Mantan Atlet bulu tangkis Taufik Hidayat usai menjalani pemeriksaan di gedung KPK, Jakarta, Kamis (1/8/2019). Taufik diperiksa KPK untuk pengembangan kasus korupsi di lingkungan Kemenpora. Foto: Dery Ridwansah/ JawaPos.com
JawaPos.com-Musyawarah Kerja Nasional (Mukernas) PP PBSI 2021 telah diselenggarakan di Hotel Ayana Midplaza, Sudirman, Jakarta Pusat. Ada beberapa poin yang menjadi pembahasan dalam mukernas ini. Yakni, pemaparan laporan tahun 2021 dan rencana bidang-bidang PBSI pada 2022.
Rencana terbesar adalah menuju puncak prestasi pada Olimpiade Paris 2024.
Legenda bulu tangkis Indonesia Taufik Hidayat menilai, apa yang sudah dilaporkan pada mukernas itu hanya standar.
Taufik yang juga menjabat Waketum Pengprov PBSI Jawa Barat meminta Bidang Pembinaan dan Prestasi (Binpres) tidak hanya mengurusi pusat. Sebab, atlet di daerah juga harus mendapat lebih banyak program.
Peraih medali emas Olimpiade Athena 2004 itu menyadari bahwa prestasi bisa dilihat dari pelatnas. Tetapi tanpa andil daerah, menurut pendapat Taufik, pusat tidak akan berjalan dengan maksimal.

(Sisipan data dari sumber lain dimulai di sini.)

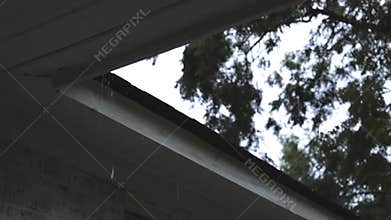 Raindrops Falling from a Rooftop during a Dreary Summer Storm
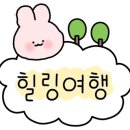 도그버디 이미지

Taufik sendiri telah mengundurkan diri dari Staf Ahli Binpres PP PBSI per Maret 2022. Kenapa mundur? Juara dunia 2005 itu merasa sudah tidak sejalan dengan sistem pembinaan PP PBSI.

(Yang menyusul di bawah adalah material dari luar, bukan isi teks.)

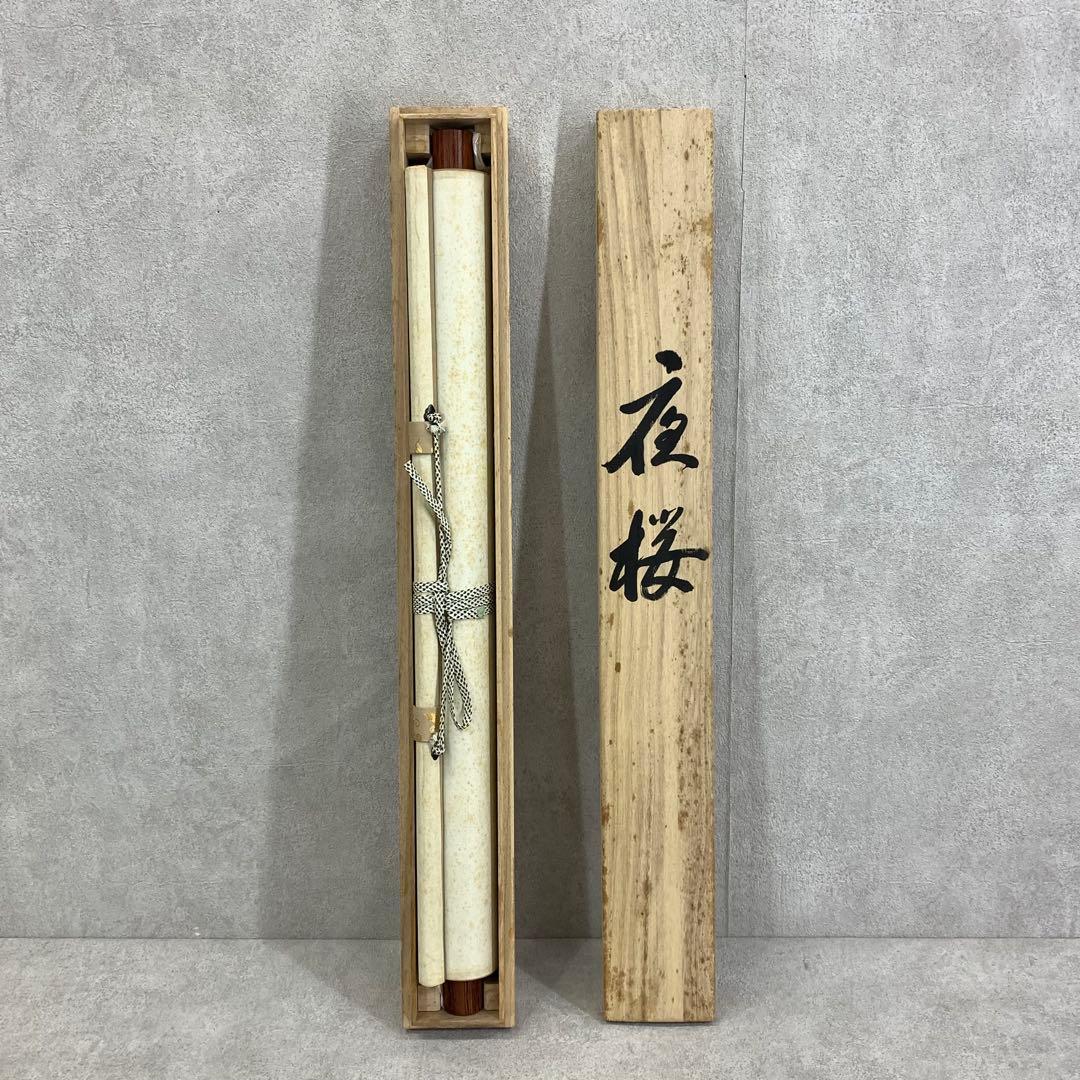 掛軸 秋峰 夜桜 共箱 春 月 満月 花 桜 5-14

Dia mengungkapkan, ada beberapa kali masalah internal yang dirinya tidak dilibatkan. Karena itu, dia berkirim surat untuk mundur.
Taufik memang vokal mengkritisi pembinaan di daerah yang memiliki 34 pengprov di seluruh Indonesia. Taufik menuturkan, pemain ataupun pelatih yang tidak bisa mengantar juara di pelatnas harus langsung diganti.
Menurut dia, masih banyak pemain lain yang bisa dibina. Selain itu, banyak pelatih teknik dan fisik potensial yang belum dicoba oleh pelatnas PP PBSI.
Berikut adalah kutipan pernyataan lengkap Taufik Hidayat dalam obrolan dengan wartawan di Jakarta kemarin (14/4).
Apa alasan Anda memutuskan mundur dari staf ahli binpres PP PBSI?
Alasannya kenapa mundur dari PBSI karena saya tidak sejalan dengan sistem pembinaan di Binpres. Dan banyak lah. Ada beberapa kali masalah internal, tapi saya tidak dilibatkan disitu. Jadi saya berkirim surat untuk mundur.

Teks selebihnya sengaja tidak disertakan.